SUPPLIED MATERIAL:
■ ■ ■
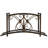 Classic Garden Bridge-98251698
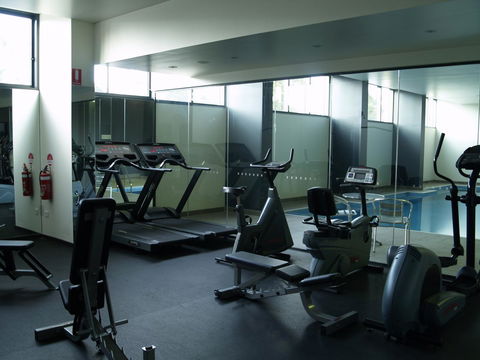 Alpha Hotel Eastern Creek - Holiday Sunshine Coast 23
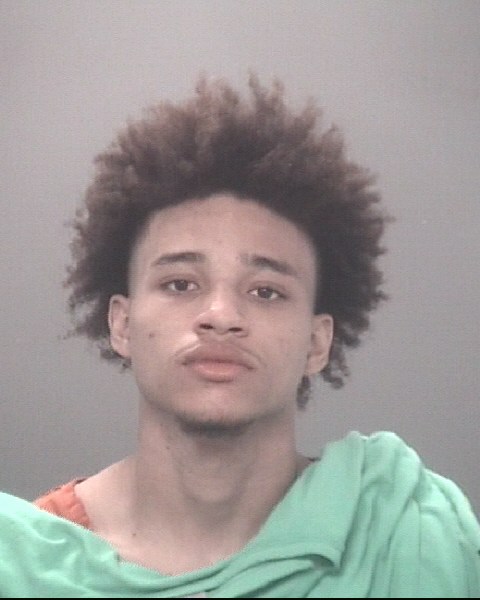 Mugshot of FERNANDO RIVERA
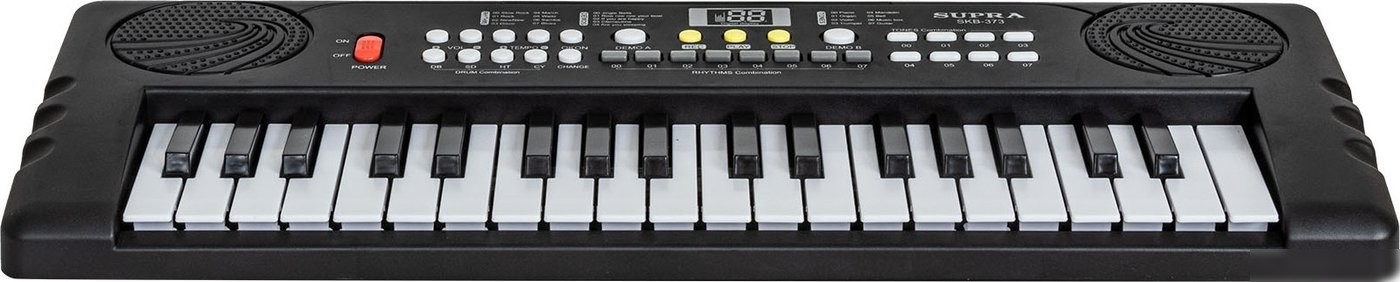 Синтезатор Supra SKB-373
■ ■ ■
Every line above must appear in the answer unchanged, and no picture may appear in it.

RESULT FOR THIS TASK:
 Classic Garden Bridge-98251698
 Alpha Hotel Eastern Creek - Holiday Sunshine Coast 23
 Mugshot of FERNANDO RIVERA
 Синтезатор Supra SKB-373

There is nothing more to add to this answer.